I have a teflon coated pan which is a couple of decades old and the surface is intact and undamaged - but I cook at low temperatures even when frying - I don't want to turn food black - not even dark brown. Having seen non stick pans where there is a central ring of exposed metal I can see why you don't like the idea of using them - I disposed of a fairly expensive grill when the plates began to lose chunks of the coating.


----------



## Edgar (Dec 18, 2019)

lucy123 said:


> Glad you like it Mark. Steak cooks lovely in mine. Steak flat mushroom and spinach for tea last night.  No fuss - chucked both steak and mushroom in fryer for15 mins whilst I got on with life.  Post things you find cook nice please.

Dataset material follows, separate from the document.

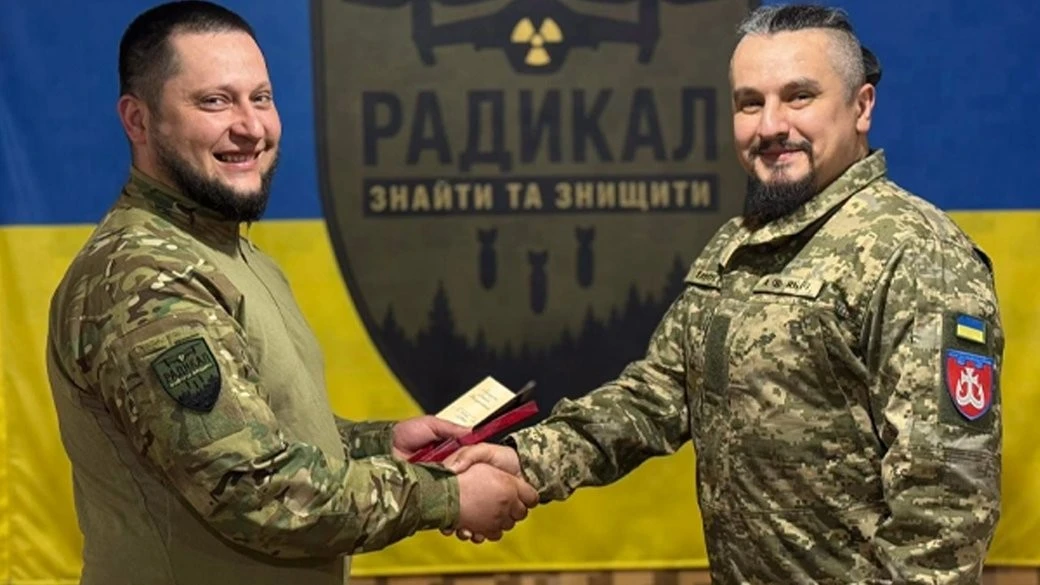 Від коваля до командира: історія успіху бійця на псевдо «Грек» Від коваля до командира: історія успіху бійця на псевдо «Грек»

I do a lovely fish and chips in mine. Fish straight from the freezer done in 20 minutes, sometimes I do my own "naughty"  potoato chips without oil but mostly with parsnip chips. Yummy


----------



## Edgar (Dec 18, 2019)

Drummer said:


> I have both air fryer and a Halogen oven - they don't do the same things in my kitchen - though I believe that there have been bits aded to make them more capable of doing what the other thing does.
> I use the Halogen oven for roasting whole chickens or joints of meat, making cheese on toast (for my husband) defrosting in a hurry, and it is a safer option for cooking chestnuts - I tried some in the Actifry and they exploded....

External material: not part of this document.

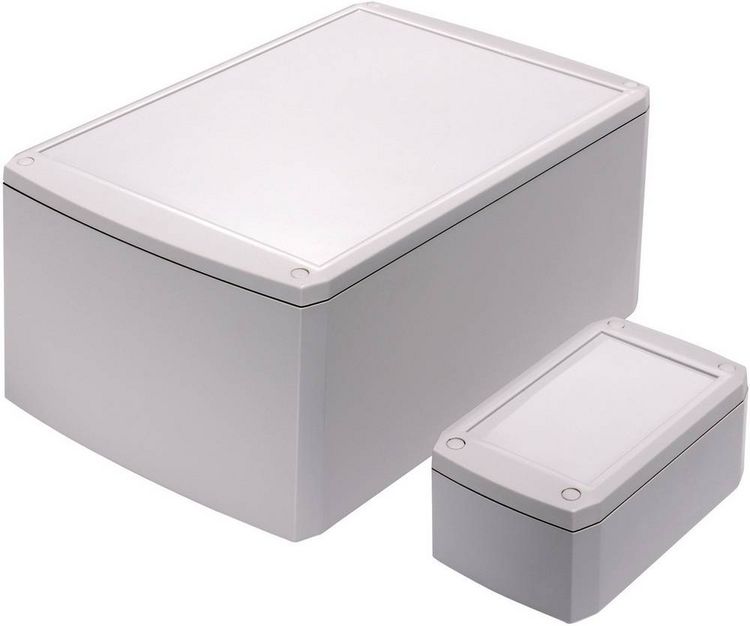 Produktbild: Camdenboss CSACST004-CON Universal-Geh&auml;use 155 x 95 x 60 ABS Hellgrau 1St.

I do chestnuts in my air fryer. 10 minutes at 180 but you have to make a cut in the skin before you put them in. That's why they exploded!


----------



## Drummer (Dec 18, 2019)

My air fryer has no temperature control - I did cut them, but I think they boiled inside the shells as the ones which did not explode were all floury.


----------



## Sally W (Dec 19, 2019)

Yes I have a real aversion to coated stuff!  @Edgar 
do your parsnip chips come up crispy?


----------



## Edgar (Dec 20, 2019)

Carol Robinson said:


> We love our air dryer, and the celeriac chips do really nicely in it  nom nom nom


What's an air dryer!


----------



## Edgar (Dec 20, 2019)

Sally W said:


> Yes I have a real aversion to coated stuff!  @Edgar
> do your parsnip chips come up crispy?


Yes they do


----------